• **Task to carry out**: Using the data below, set down every line from the one containing "фото №2, Заглушка" through the one containing "MIZUNO WAVE INSPIRE", inclusive and unchanged. Pictures are to be skipped.

• **Data for analysis**:

* * *

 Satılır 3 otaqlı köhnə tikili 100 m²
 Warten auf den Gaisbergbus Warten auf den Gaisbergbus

* * *

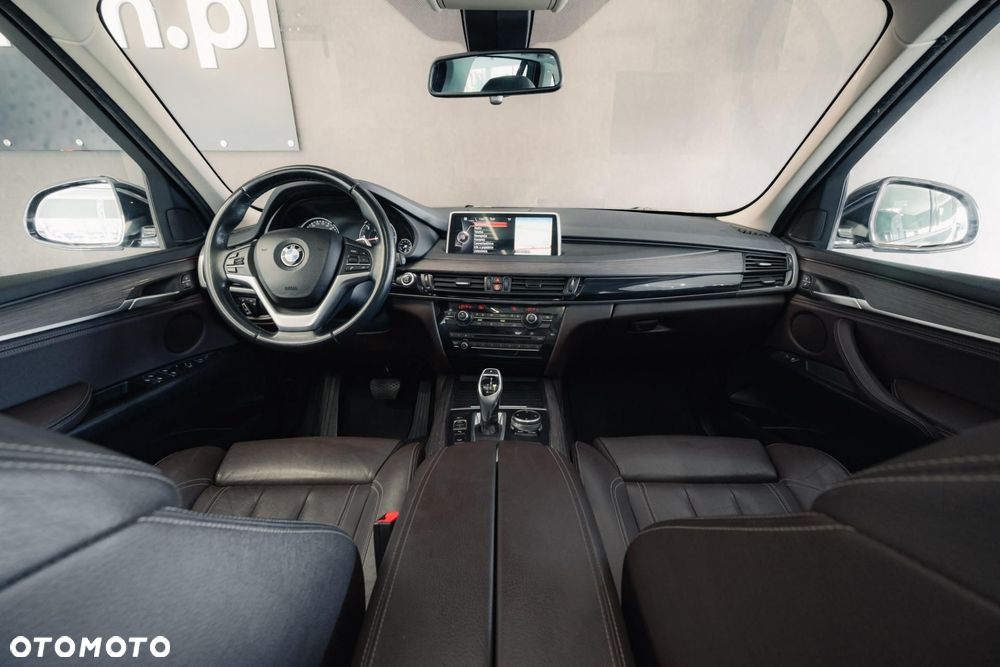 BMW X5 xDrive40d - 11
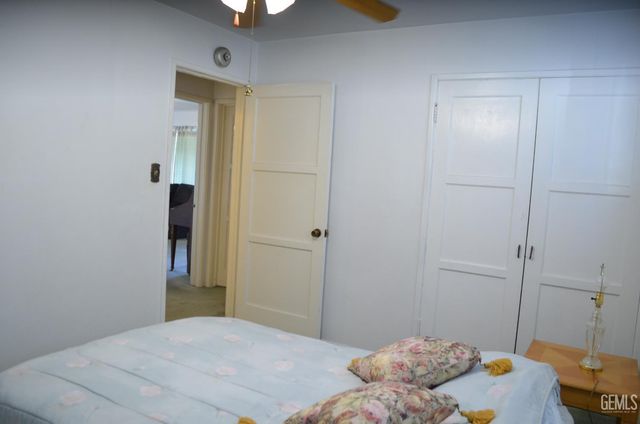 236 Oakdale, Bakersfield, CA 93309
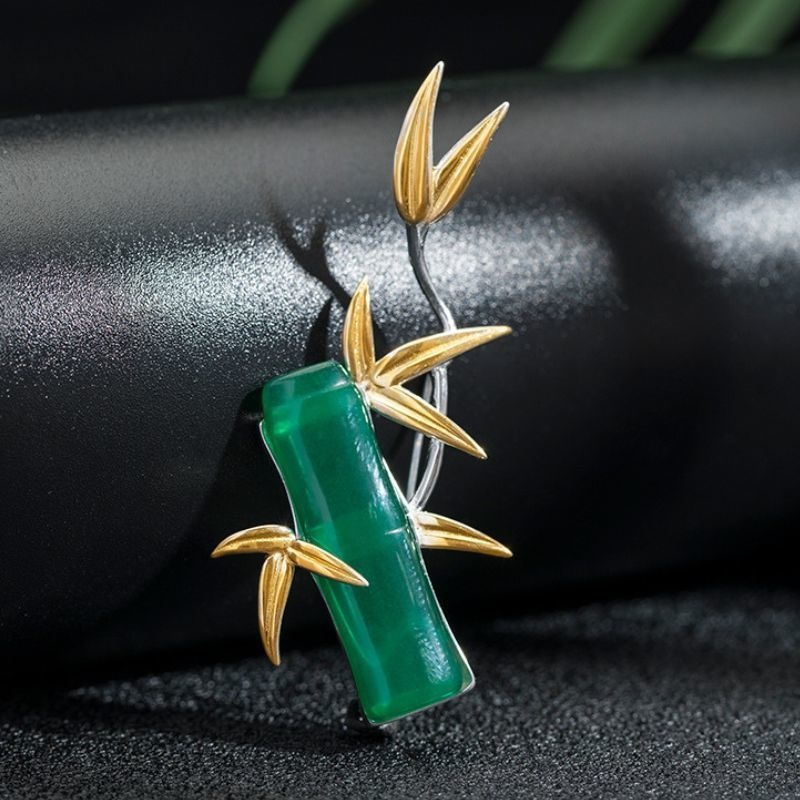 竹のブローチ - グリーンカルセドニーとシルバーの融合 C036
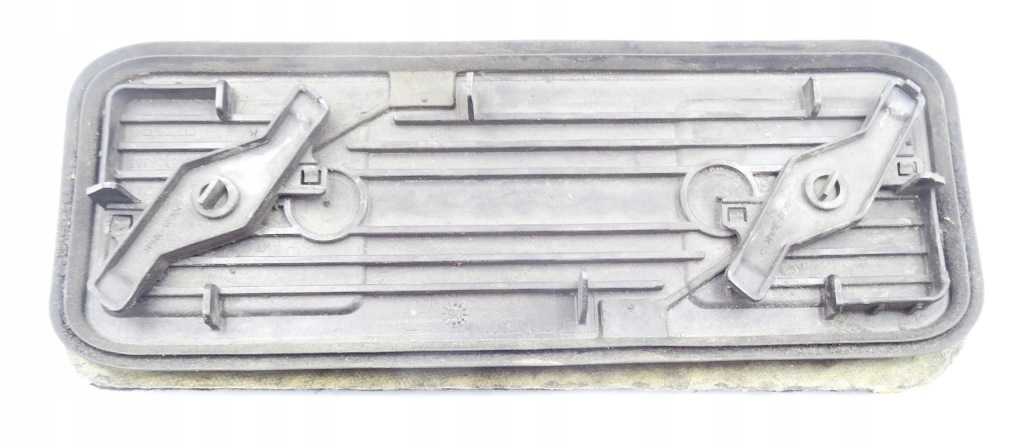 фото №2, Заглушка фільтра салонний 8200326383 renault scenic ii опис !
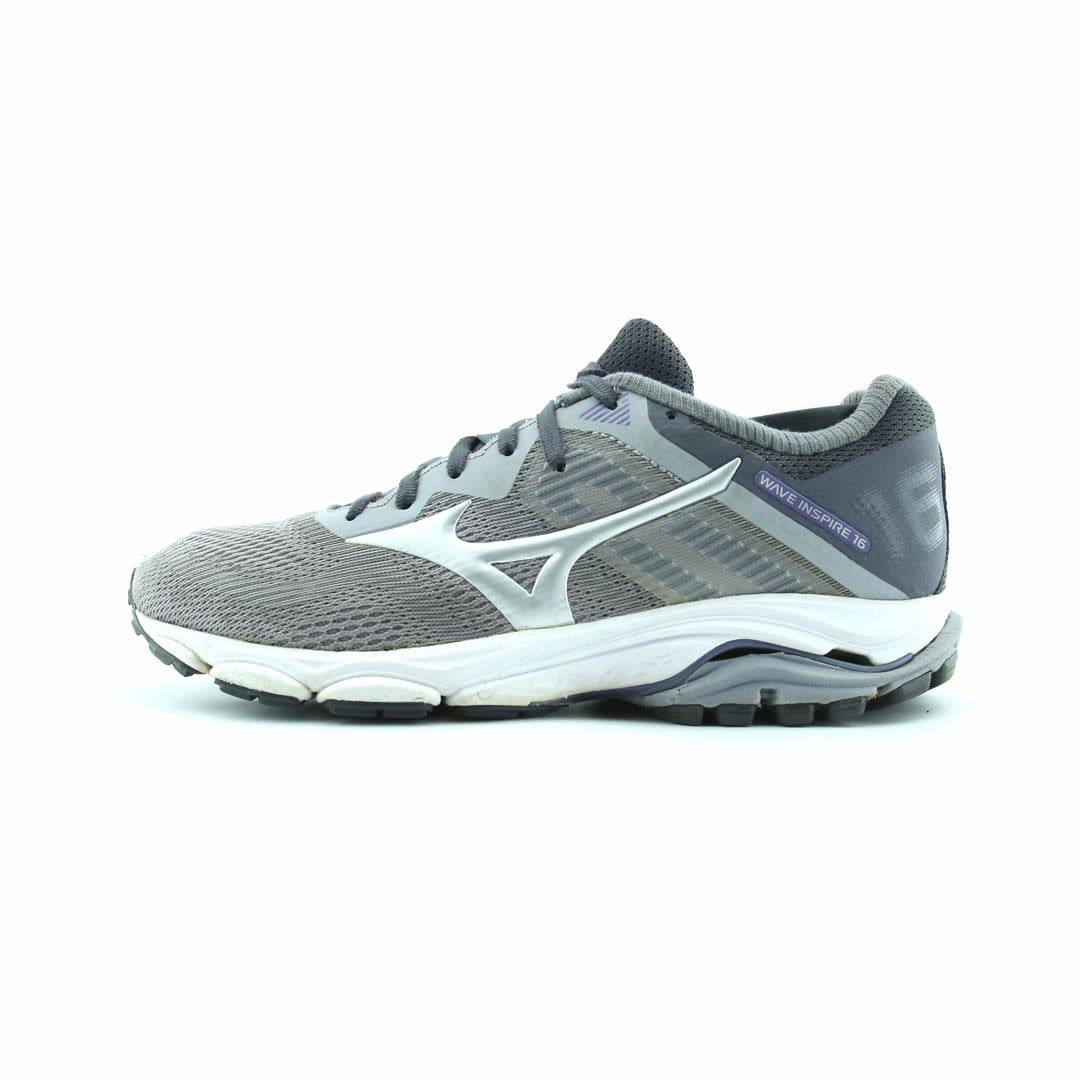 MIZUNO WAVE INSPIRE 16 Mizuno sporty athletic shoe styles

* * *

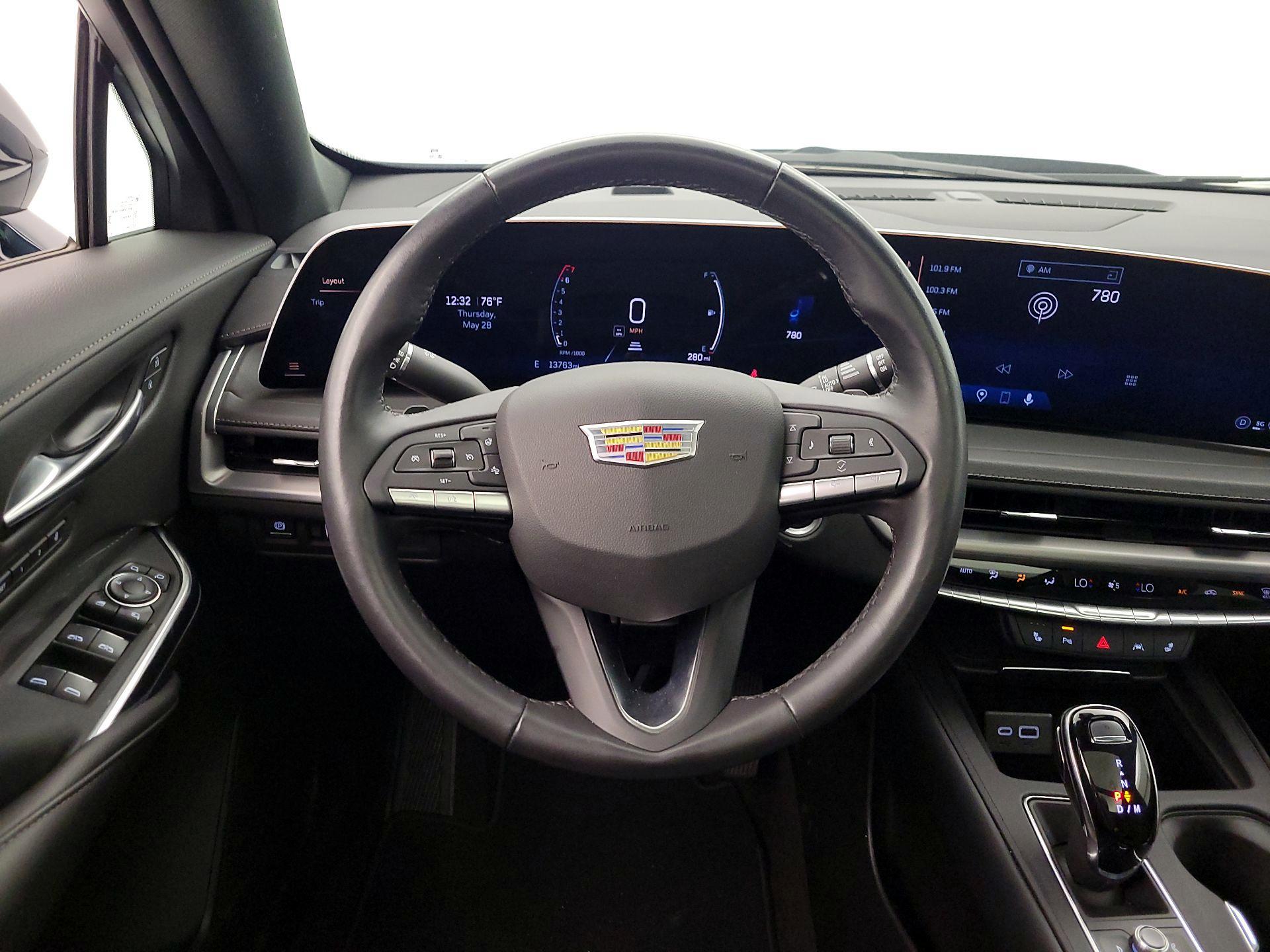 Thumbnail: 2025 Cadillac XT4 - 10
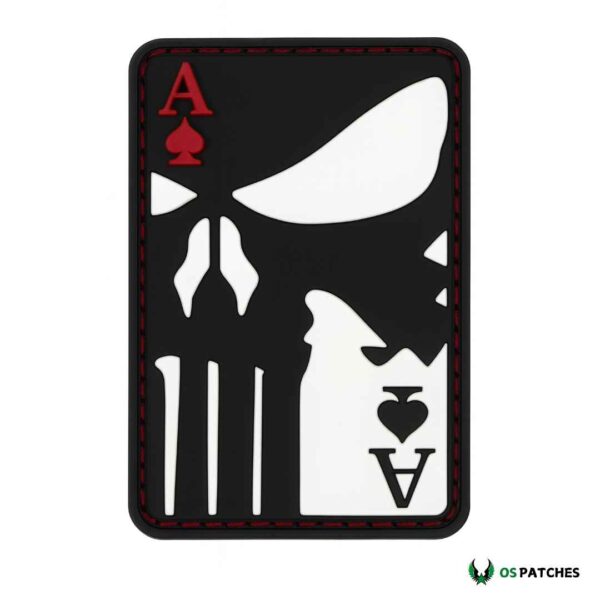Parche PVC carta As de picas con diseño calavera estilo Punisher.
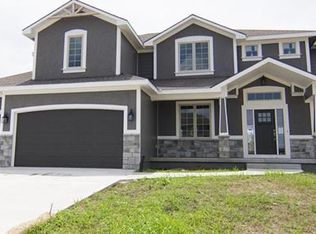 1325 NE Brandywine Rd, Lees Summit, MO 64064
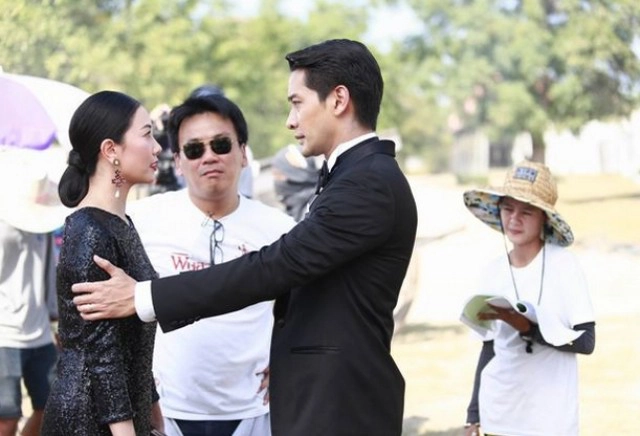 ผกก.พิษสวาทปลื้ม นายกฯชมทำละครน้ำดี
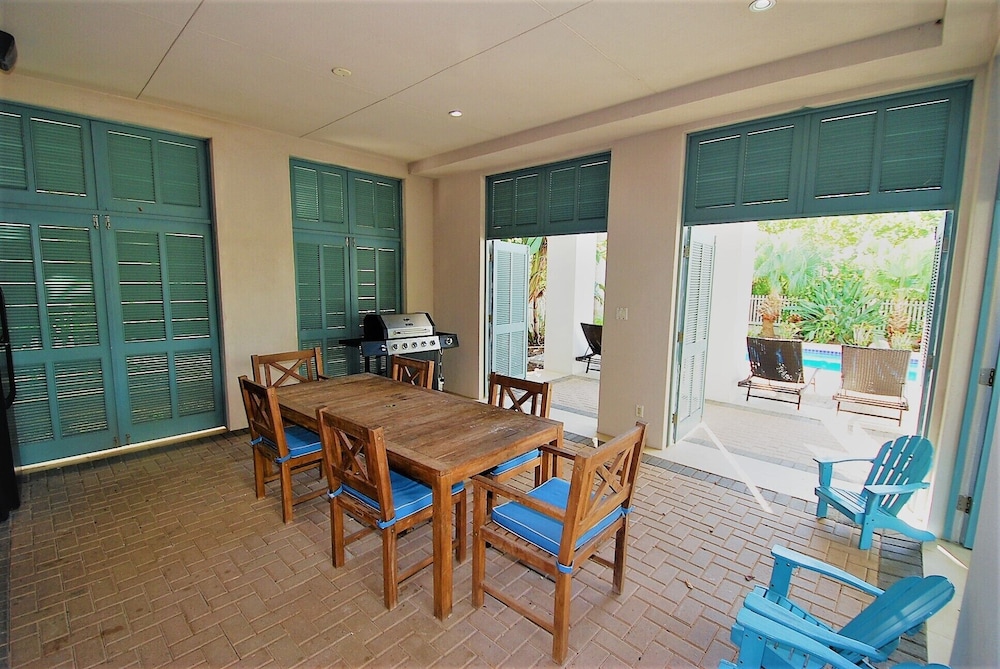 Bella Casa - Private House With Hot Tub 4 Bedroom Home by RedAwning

* * *

• **Result for this exercise**:
 фото №2, Заглушка фільтра салонний 8200326383 renault scenic ii опис !
 MIZUNO WAVE INSPIRE 16 Mizuno sporty athletic shoe styles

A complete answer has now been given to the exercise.